## WHAT IS BEING ASKED
Within the entries below, find the portion that opens with the line containing "A kitchen with" and closes with the line containing "A close-up view". Retype that portion exactly and only.

## DATA FOR THIS TASK
◆ ◆ ◆ ◆ ◆ ◆ ◆
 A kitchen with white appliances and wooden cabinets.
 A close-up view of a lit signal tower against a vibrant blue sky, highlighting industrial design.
◆ ◆ ◆ ◆ ◆ ◆ ◆
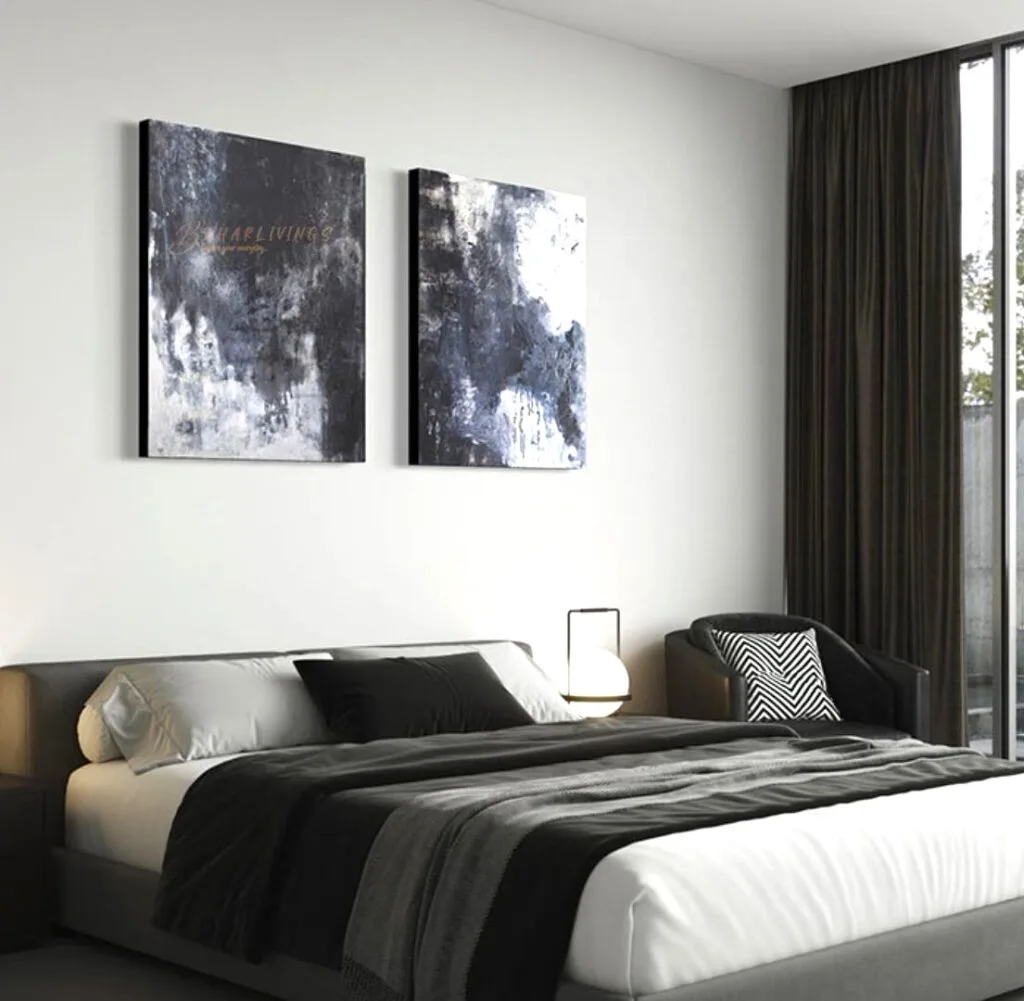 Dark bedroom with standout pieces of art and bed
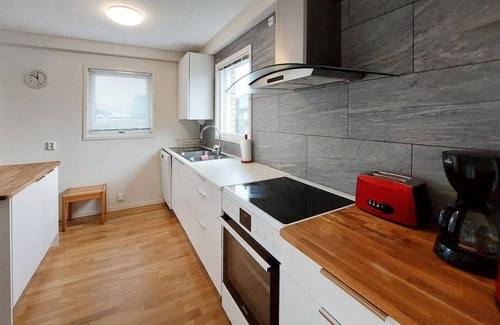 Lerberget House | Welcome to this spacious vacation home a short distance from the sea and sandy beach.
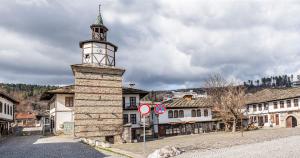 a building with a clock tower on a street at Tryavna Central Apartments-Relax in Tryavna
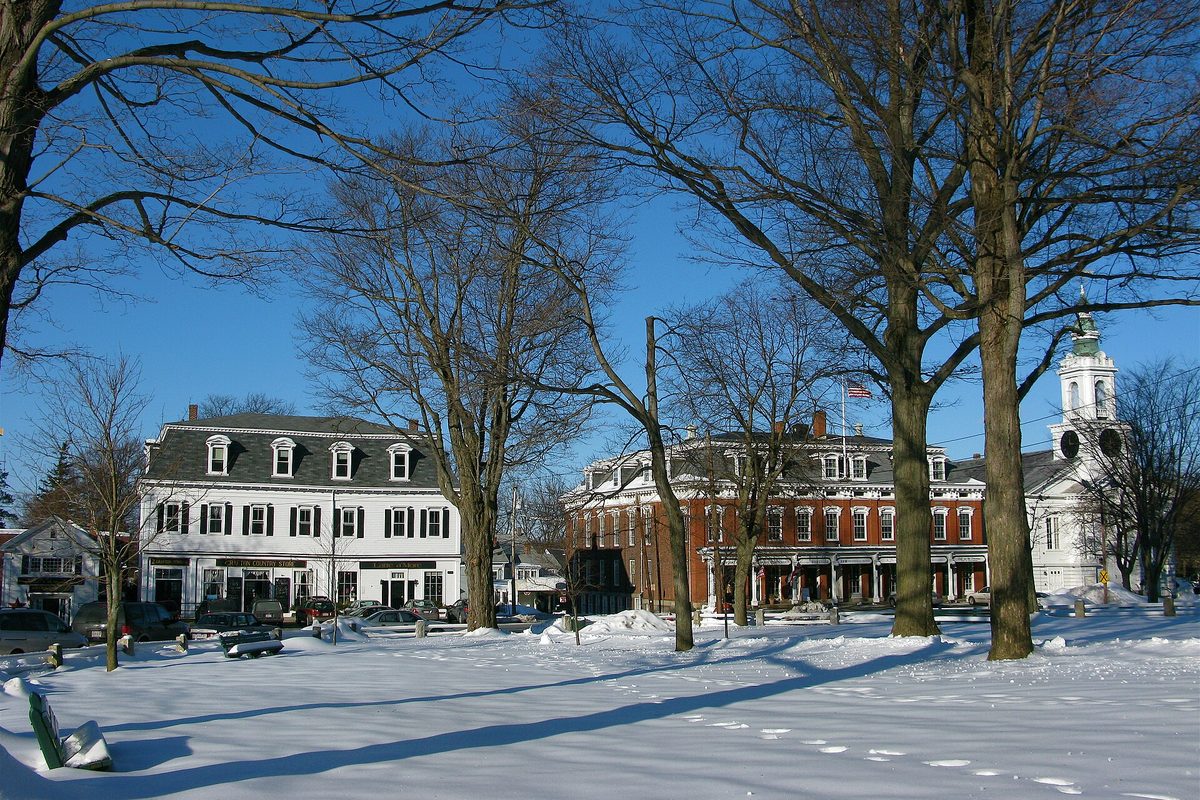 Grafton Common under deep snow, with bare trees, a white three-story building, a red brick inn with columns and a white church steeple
◆ ◆ ◆ ◆ ◆ ◆ ◆
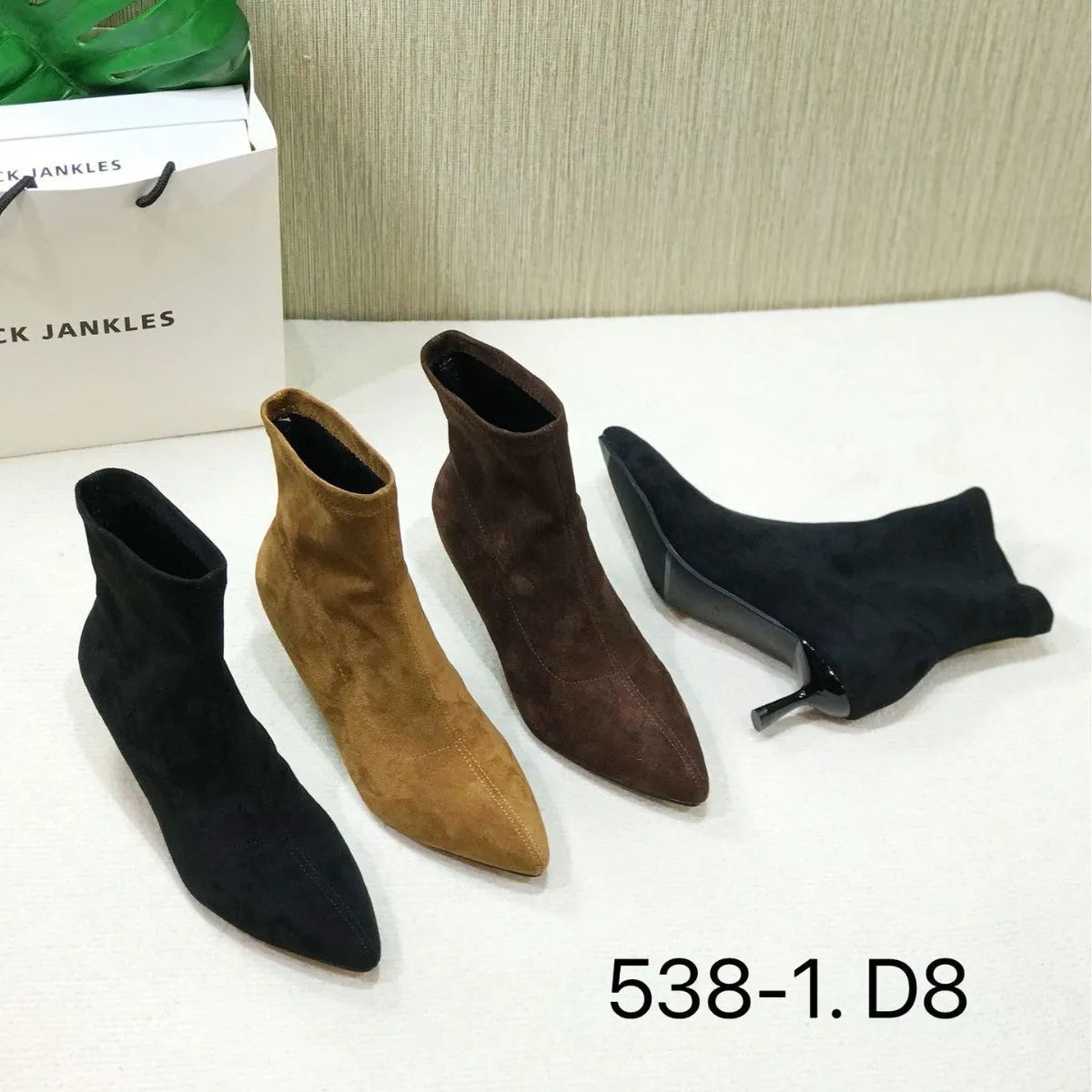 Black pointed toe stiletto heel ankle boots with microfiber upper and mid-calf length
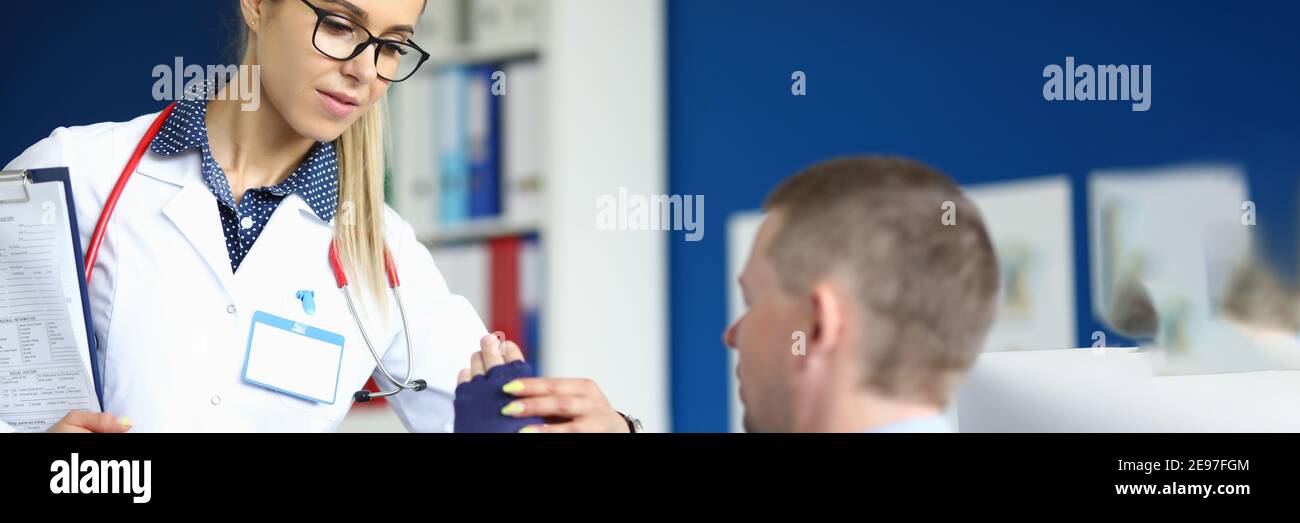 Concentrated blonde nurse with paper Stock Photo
◆ ◆ ◆ ◆ ◆ ◆ ◆
## TASK SOLUTION
 A kitchen with white appliances and wooden cabinets.
 A close-up view of a lit signal tower against a vibrant blue sky, highlighting industrial design.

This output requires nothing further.